←back to thread

269 points aapoalas | 5 comments | | HN request time: 1.368s | source

We're building a different kind of JavaScript engine, based on data-oriented design and willingness to try something quite out of left field. This is most concretely visible in our major architectural choices:

1. All data allocated on the JavaScript heap is placed into a type-specific vector. Numbers go into the numbers vector, strings into the strings vector, and so on.

2. All heap references are type-discriminated indexes: A heap number is identified by its discriminant value and the index to which it points to in the numbers vector.

3. Objects are also split up into object kind -specific vectors. Ordinary objects go into one vector, Arrays go into another, DataViews into yet another, and so on.

4. Unordinary objects' heap data does not contain ordinary object data but instead they contain an optional index to the ordinary objects vector.

5. Objects are aggressively split into parts to avoid common use-cases having to reading parts that are known to be unused.

If this sounds interesting, I've written a few blog posts on the internals of Nova over in our blog, you can jump into that here: https://trynova.dev/blog/what-is-the-nova-javascript-engine

Show context
throwawaymaths ◴[] No.42175887[source]
doesn't using these sorts of data structures turn the security safety properties of rust into silent logic errors?
replies(1): >>42176198 #
1. aapoalas ◴[] No.42176198[source]
Nope.
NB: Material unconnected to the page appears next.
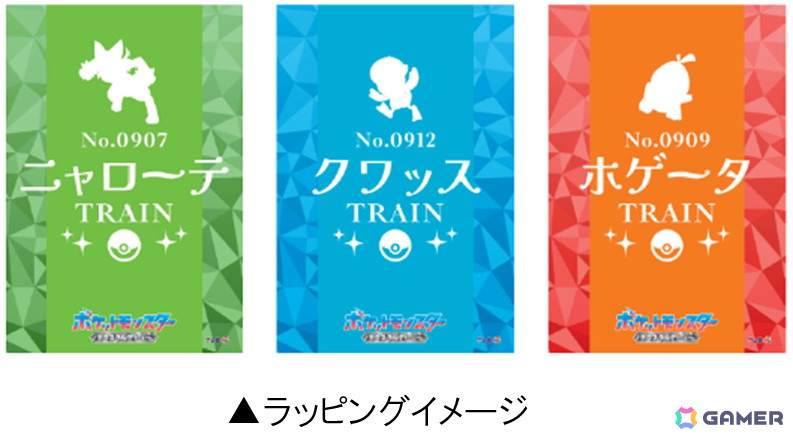 JR東日本 ポケモンスタンプラリー2024」が7月12日より開催！ライジング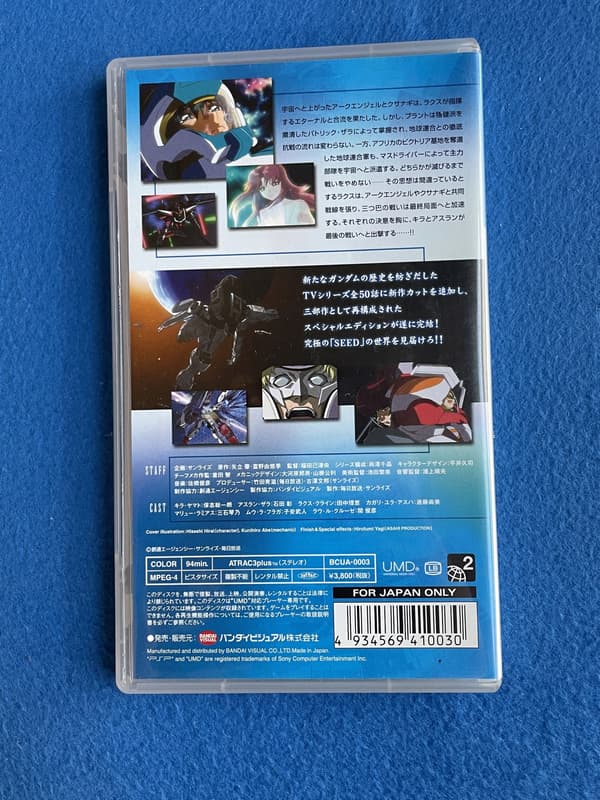 Mobile Suit Gundam Seed UMD Video NTSC-J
It rather explains the memory ownership of a JavaScript heap in a way that Rust understands: The heap owns all data in the heap, and JavaScript objects holding "references" to other objects do not imply memory ownership in the sense that Rust understands it.

So, safery properties are not being silenced: The indexes definitely _are_ Rust wise unreliable where a pointer wouldn't be so bounds checks need to be done. But memory safety is not under threat here.

This does mean that we have to take care of garbage collection ourselves, Rust will not do that for us, but that was the case anyhow since Rust doesn't have a garbage collector we could use (thank heavens). If we make mistakes here, it will lead to the JavaScript heap being corrupted from the JS code point of view but from the engine point of view the memory is still fully safe: The worst thing that can happen is a panic from out of bounds vector indexing.

replies(2): >>42176380 #>>42180981 #
2. int_19h ◴[] No.42176380[source]
I think the point is that "memory safety", understood broadly, goes beyond that. You still have the notion of dangling pointers and such with indices, and while it doesn't allow for e.g. stack corruption, it still exposes many similar classes of bugs - for example, a "dangling" index to a deallocated object can potentially allow the code to read or write into a completely different object than it was originally pointing to. Hence, silent logic errors, potentially exploitable as well.
replies(1): >>42176580 #
3. aapoalas ◴[] No.42176580[source]
Yeah, sure in that sense this partially turns off Rust's safety features. That being said: A big part of making the engine be safe for interleaved GC is about using ZST's with lifetimes held inside them to bind any JavaScript Values when they appear on the stack and getting back parts of those security guarantees.

We can still make mistakes, especially in the garbage collector, but that is again somewhat helped by code-sharing and coding conventions enabled by Rust ie. using destructuring in GC to make sure we don't forget any part of the heap data. (Coding conventions are not a solution, they are a mitigation at most. I _can_ write the heap GC as a map from one heap data of 'old lifetime to 'new, but that leads to worse code generation than mutating a 'static lifetime heap data :( )

4. throwawaymaths ◴[] No.42180981[source]
> But memory safety is not under threat here.

Note I did not say memory safety. I said security safety.

replies(1): >>42188436 #
5. aapoalas ◴[] No.42188436[source]
I don't know what "security safety" is so I must've gotten confused. If you mean type safety, then we do make sure to stay on top of that: Our JS Value is an enum that contains either stack data or a typed index that corresponds to the tag. So the Array variant holds an Array index etc. So it is not possible to take type of index and turn it into another type of index without transmute.

If you refer to referential safety, so that your reference to object X still refers to X later on, then that is indeed something we "lose" because we need to implement GC ourselves. But that wouldn't actually really meaningfully change with using pointers either, as updating pointers after a move would need to be done manually as well.

Using references is right out because we cannot explain the JavaScript memory ownership model to Rust: The two are simply not compatible. There are of course safe GC crates that give you reference APIs but they do the pointer updating manually on the inside (if they have moving GC anyway), so the situation doesn't meaningfully change.